As for drinking, I’ll probably have two to three alcohol free days during the week and go easy on the heavy duty imperial stouts (though given the cupboard is bare at the moment that’s an option made up for me) and to be more honest I’m more concerned with cutting back on meat and cheese (not cutting them out, though I might give cheese a break for a fortnight), drinking more water, going to the gym five times a week, from where I’ve just come back. Oh and yes to more interesting soft drinks, the last thing I want in the evening is coffee, it will interrupt with my sleeps…


something like "dry wednesday" is probably an ultimately healthier and more manageable concept than a dry january followed by 11 months of overindulgence.

As for soft drinks, wouldn't it make more sense to simply have 2 pints of 2.5% beer than 1 pint of 5% beer followed by a lemonade?


OK, I'll admit I'm an absolute facist about detoxes. They are nonsense.

It seems to me that cutting out the booze, perhaps having a more normal diet (no more chips/kebabs on way home from pub?) are the real things you're doing in January, in other words, it's a diet.

I admire people who can do this, radically alter their lives in such a significant way. I wish I could too. But I do like my odd few bottles of beer now and again, and the even rarer trip to the pub.

A beer-fast for a month is easy, I do it often, but hasn't lost me any weight yet…

J Mark Dodds

Good man Pete, a voice of considered reason.

Lot of good observations in the comments too. A concentration of grounded views.

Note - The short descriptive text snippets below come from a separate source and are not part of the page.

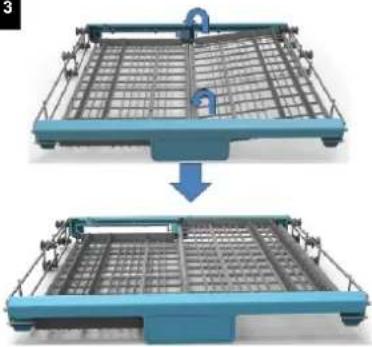 FAGOR LVF68ITA - Cutlery basket could be have 5 positions: - 3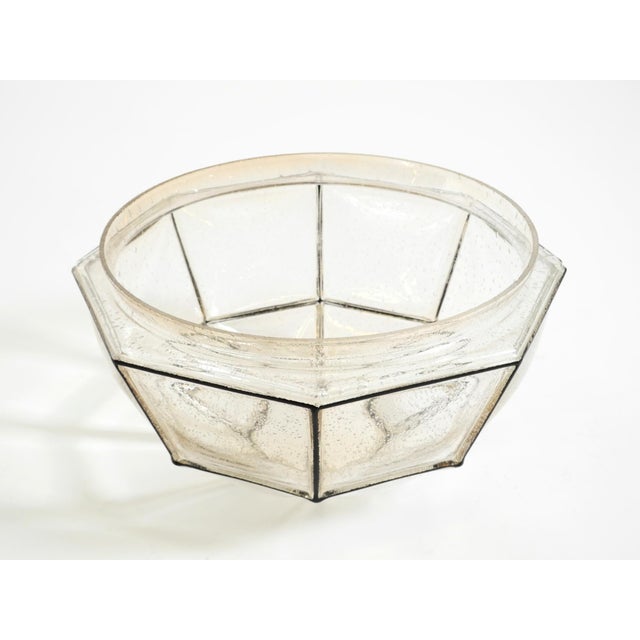 Vintage Glass Ceiling Lamp in Octagon Shape from Limburg, 1970s For Sale - Image 17 of 18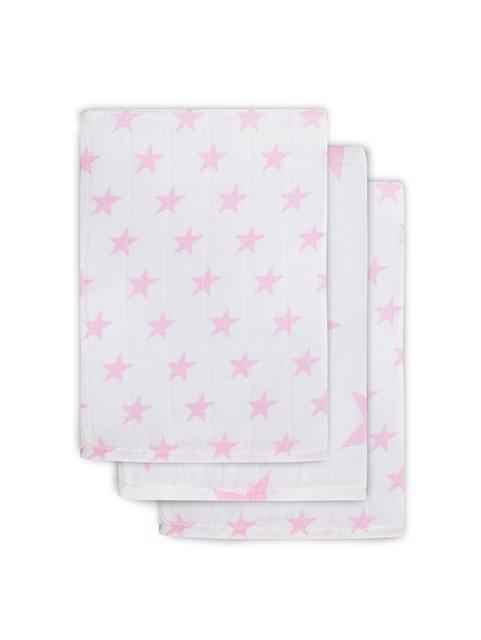 JOLLEIN Žinky 3 ks (15 x 21 cm) – Little Star pink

We need a lot more of this spread around a lot more. The world we have created is eating itself up with fears about nonsense.

Keep it up.


Cheers for this post! My husband and I have done a one month beer hiatus every year since 2009. It isn't always in January, but it is usually in the first few months of the year. Is it tough? Yeah, kind of, but that's because beer is our passion and so much of what we do revolves around it. Every year the reactions of others astounds me. The shock, dismay, and a deep questioning of our choice comes up every year. I especially hate the indignation with which people ask us, "WHY??!!" Also, people assume we can't or don't want to socialize because we aren't drinking. I agree that people need to mind their own pints and keep their opinions to themselves.


An urban social life, combined with a home brew hobby that is delivering dependably good beer on a regular basis, has me in the same boat.

Dont know if I would do a dry month, but I think mandatory dry days might be a good plan. My lifestyle is otherwise quite healthy, and my eating habits are good, its the beer putting the weight on and keeping it on.

I have gone dry before, and obviously been the driver on occasion, and my experiences mirror many of the commenters – weight falls off, and awful alcohol free options down the pub. It often means that you simply can't go to a pub.

Gary Gillman

It's good to go dry once in a while.

Quantity is important too though, not just frequency. One or two drinks is okay but the effect of two vs. four or more is marked and a bright line is crossed – sometimes you want to do that, but it shouldn't be habitual, IMO. (Strong beer facilitates a moderate approach, and it is unfortunate in my view that some taxation systems discriminate against them, because low-alcohol or session drinks lend themselves to greater abuse, arguably).

In the end, each has to decide for himself what is right.

One thing that rings true for all though (surely) is the aging factor: the older you get, the more you need to think about it, because bad habits catch up with you.



absolutely love this blog. I am participating in dry January as sometimes we need to hold the mirror up to ourselves (that and the ridiculous amount of empty bottles we collected over the festive period) and be honest about our relationship with alcohol.

Its a personal choice to drink but sometimes we don't stop to take stock of how often and why we have come to accept alcohol as such an accepted feature of modern life.